7.5 Integration of Rational Functions Using Partial Fractions

499

OBJECTIVES

When you finish this section, you should be able to:

  1. Integrate a rational function whose denominator contains only distinct linear factors (p. 500)
  2. Integrate a rational function whose denominator contains a repeated linear factor (p. 502)
  3. Integrate a rational function whose denominator contains a distinct irreducible quadratic factor (p. 503)
  4. Integrate a rational function whose denominator contains a repeated irreducible quadratic factor (p. 504)

NEED TO REVIEW?

Rational functions are discussed in Section P.2, pp. 19-20.

In this section, we integrate rational functions using a technique called partial fractions. Although the integral of any rational function can be found using partial fractions, the process requires being able to factor the denominator of the rational function.

Recall that a rational function \(R\) in lowest terms is the ratio of two polynomial functions \(p\) and \(q \ne 0,\) where \(p\) and \(q\) have no common factors. The domain of \(R\) is the set of all real numbers for which \(q \ne 0.\) The rational function \(R\) is called proper when the degree of the polynomial \(p\) is less than the degree of the polynomial \(q\); otherwise, \( R\) is an improper rational function.

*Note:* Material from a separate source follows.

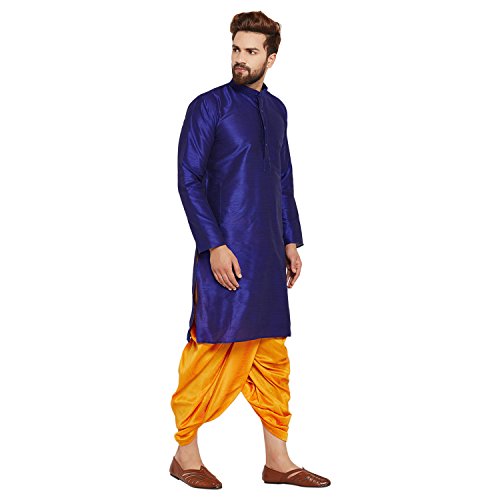Image of SOJANYA (Since 1958 Men's Off-White and Gold Dupion Silk Dhoti Kurta Set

Every improper rational function \(R\) can be reduced by long division to the sum of a polynomial function and a proper rational function. For example, the rational function \(R( x) =\dfrac{x^{2}}{x-1}\) is improper, but by long division, \[ R( x) =\dfrac{x^{2}}{x-1}=x+1+\dfrac{1}{x-1} \]

Then we can find \(\int R( x) \,dx\) by using properties of an indefinite integral to obtain \[ \begin{eqnarray*} \int \dfrac{x^{2}}{x-1}\,dx &=& \int \left( x+1+\dfrac{1}{x-1}\right) \,dx=\int x~dx+\int dx+\int \dfrac{1}{x-1}\,dx\\[5pt] &=& \dfrac{x^{2}}{2}+x+\ln \,\vert x-1\vert +C \end{eqnarray*} \]

For these reasons, the discussion that follows deals only with proper rational functions in lowest terms. Such rational functions can be written as the sum of simpler functions, called partial fractions.

For example, since \(\dfrac{2}{x-1}+\dfrac{3}{x+4}=\dfrac{5x+5}{( x-1) (x+4) },\) the rational function \[ R( x) =\dfrac{5x+5}{(x-1) (x+4) } \]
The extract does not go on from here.